Liliane Bettencourt est morte le même jour, ce  jeudi 21 septembre. La cour d’appel de Bordeaux a prononcé une relaxe en faveur des six prévenus, le majordome et cinq journalistes.

Le procureur avait requis des amendes de principe à l’encontre des six prévenus.

Malgré ces enregistrements faits à l’insu de sa patronne, la cour d’appel n’a pas reconnu la responsabilité pénale de Pascal Bonnefoy, le majordome. Elle a rajouté que ces enregistrements avaient eu « un caractère effectivement décisif (…) pour la recherche de la vérité ».

L’homme de 53 ans avait enregistré des conversations privées en 2009 et 2010. Il les avait ensuite remis à la fille de Liliane Bettencourt qui les avait transmis à son tour à la police. Ces pistes avaient permis de condamner une partie de son entourage pour « abus de faiblesse ».

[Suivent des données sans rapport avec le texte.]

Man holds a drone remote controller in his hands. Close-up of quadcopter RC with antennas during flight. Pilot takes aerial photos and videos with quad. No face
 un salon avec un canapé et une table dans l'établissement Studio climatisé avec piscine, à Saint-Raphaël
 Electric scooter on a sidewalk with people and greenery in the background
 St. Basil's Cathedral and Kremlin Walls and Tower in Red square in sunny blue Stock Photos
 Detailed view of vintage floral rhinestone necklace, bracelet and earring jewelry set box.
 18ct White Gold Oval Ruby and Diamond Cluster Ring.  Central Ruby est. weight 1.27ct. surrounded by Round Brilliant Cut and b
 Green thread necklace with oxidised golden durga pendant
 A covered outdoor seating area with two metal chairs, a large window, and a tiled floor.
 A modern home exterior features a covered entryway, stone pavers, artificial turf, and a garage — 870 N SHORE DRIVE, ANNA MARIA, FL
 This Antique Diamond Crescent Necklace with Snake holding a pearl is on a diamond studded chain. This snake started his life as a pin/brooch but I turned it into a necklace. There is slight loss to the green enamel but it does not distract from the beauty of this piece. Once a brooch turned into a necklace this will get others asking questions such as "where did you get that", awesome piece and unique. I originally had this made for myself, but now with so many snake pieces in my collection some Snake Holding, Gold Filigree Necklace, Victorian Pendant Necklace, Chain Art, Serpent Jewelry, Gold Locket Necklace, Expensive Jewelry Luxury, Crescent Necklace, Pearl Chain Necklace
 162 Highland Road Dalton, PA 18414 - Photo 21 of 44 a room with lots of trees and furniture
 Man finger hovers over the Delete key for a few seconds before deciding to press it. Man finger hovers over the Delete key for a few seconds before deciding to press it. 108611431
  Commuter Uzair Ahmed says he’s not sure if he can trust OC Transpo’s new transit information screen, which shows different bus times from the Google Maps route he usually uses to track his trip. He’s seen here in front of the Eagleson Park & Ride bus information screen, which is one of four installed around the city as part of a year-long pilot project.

Les cinq journalistes, dont deux travaillant pour Mediapart et trois pour Le Point, étaient poursuivis pour avoir publié ces écoutes.

Cependant, la cour explique que ces journalistes « n’avaient pas eu intention de porter atteinte à l’intimité de la vie privée » de Liliane Bettencourt.

L’affaire Bettencourt est une des plus importantes sagas judiciaires ces dernières années.